第三天早上,朱斌在搪瓷杯里发现了一圈水垢。
不是新出现的——杯子用了三天,杯底已经开始结一层浅白色的痕迹。
他用手指搓了搓,搓不掉。
茶水间的钢丝球在第二个水槽下面。
他蹲下去拿的时候,后脑勺撞到了水槽边缘。
钝响在狭小的茶水间里回荡了一下。
他揉着后脑勺起身,把钢丝球在杯底转了三圈。水垢掉了。搪瓷面上留下一圈极细的划痕。
这是他在县委办综合科坐下来的第三天。
他已经摸清了基本节奏:早上七点半到岗,扫地——老周的桌子不扫,他有次扫了,老周说那儿不用——烧开水,把暖水瓶灌满,然后去门卫室取报纸。

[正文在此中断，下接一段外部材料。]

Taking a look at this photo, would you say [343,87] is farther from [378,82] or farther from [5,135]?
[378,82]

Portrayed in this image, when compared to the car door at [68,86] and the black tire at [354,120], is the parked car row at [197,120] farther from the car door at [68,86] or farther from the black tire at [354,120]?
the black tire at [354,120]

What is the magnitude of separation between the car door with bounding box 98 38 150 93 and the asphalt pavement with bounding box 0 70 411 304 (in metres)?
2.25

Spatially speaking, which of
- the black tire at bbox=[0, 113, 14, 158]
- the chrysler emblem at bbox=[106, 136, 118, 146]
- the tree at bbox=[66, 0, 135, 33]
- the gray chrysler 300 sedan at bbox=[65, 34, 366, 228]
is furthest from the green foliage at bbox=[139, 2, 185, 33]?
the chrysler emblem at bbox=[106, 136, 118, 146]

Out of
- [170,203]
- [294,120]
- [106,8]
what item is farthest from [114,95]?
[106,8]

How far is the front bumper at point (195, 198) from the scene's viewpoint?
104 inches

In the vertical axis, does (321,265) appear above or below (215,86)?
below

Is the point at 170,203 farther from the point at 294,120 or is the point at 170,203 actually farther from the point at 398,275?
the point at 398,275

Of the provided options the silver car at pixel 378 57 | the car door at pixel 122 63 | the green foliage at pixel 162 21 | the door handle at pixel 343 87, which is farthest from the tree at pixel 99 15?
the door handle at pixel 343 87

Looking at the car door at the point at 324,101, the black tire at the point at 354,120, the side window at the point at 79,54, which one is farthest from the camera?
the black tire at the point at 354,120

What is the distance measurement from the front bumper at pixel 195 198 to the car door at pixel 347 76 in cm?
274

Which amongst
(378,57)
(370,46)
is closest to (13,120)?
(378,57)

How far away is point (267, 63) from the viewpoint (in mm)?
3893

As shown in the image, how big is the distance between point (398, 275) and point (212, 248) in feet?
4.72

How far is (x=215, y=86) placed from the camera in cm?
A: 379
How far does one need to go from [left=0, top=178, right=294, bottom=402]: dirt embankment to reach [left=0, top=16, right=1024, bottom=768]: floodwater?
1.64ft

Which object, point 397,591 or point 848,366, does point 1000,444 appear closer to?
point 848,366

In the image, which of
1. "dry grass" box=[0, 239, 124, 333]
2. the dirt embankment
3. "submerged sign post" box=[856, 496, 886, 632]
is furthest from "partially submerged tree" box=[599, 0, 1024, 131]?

老孙头每天早上六点半就把报纸分好了,各单位各一摞,用橡皮筋箍着。
老孙头今天多看了他一眼。缓过来了?
缓过来了。
年轻人底子好。我当年在部队,一个新兵蛋子中暑晕了三天。
朱斌接过报纸,橡皮筋在拇指上绷了一下。
老孙头的眼神里有一种审视——不是恶意的,但也没有彻底收回去。
每次递报纸时都有。
像在确认某种东西。
综合科里,老周已经坐在那儿了。
他的坐姿永远一样——后背微驼,左肘压在桌面上,右手执笔,笔尖和纸面呈四十五度角。
他桌上的玻璃板下压着一张褪色的照片:二十年前他和县委书记的合影。
照片上他还有头发,眼睛里还有光。
小王比朱斌晚到十分钟。
他进门时手里拎着一个塑料袋——里面是两个肉包子,油已经浸透了袋子底部。
他在座位上坐下,把包子搁在茶杯旁边,没急着吃,先翻开昨天的文件夹看了看。
然后才咬第一口。
朱斌注意到一个细节:小王咬包子时眼睛在看老周。
不是直接看——从文件夹的上缘,用余光。
看了大约两秒,然后移开。
这个动作在朱斌到岗的三天里每天早上都出现一次。
他不知道小王在看什么。
但他记录了下来。
仙识在第三天比前两天灵敏了一些。
丹田里那丝气的旋转速度没变——还是三次心跳一圈——但眉心处接收信号的范围似乎在扩大。
前天他只能捕捉到面对面时的气息波动。
昨天他能在三步之外感知到小王从茶水间回来时的情绪底色——酸的,带着一层薄薄的焦躁。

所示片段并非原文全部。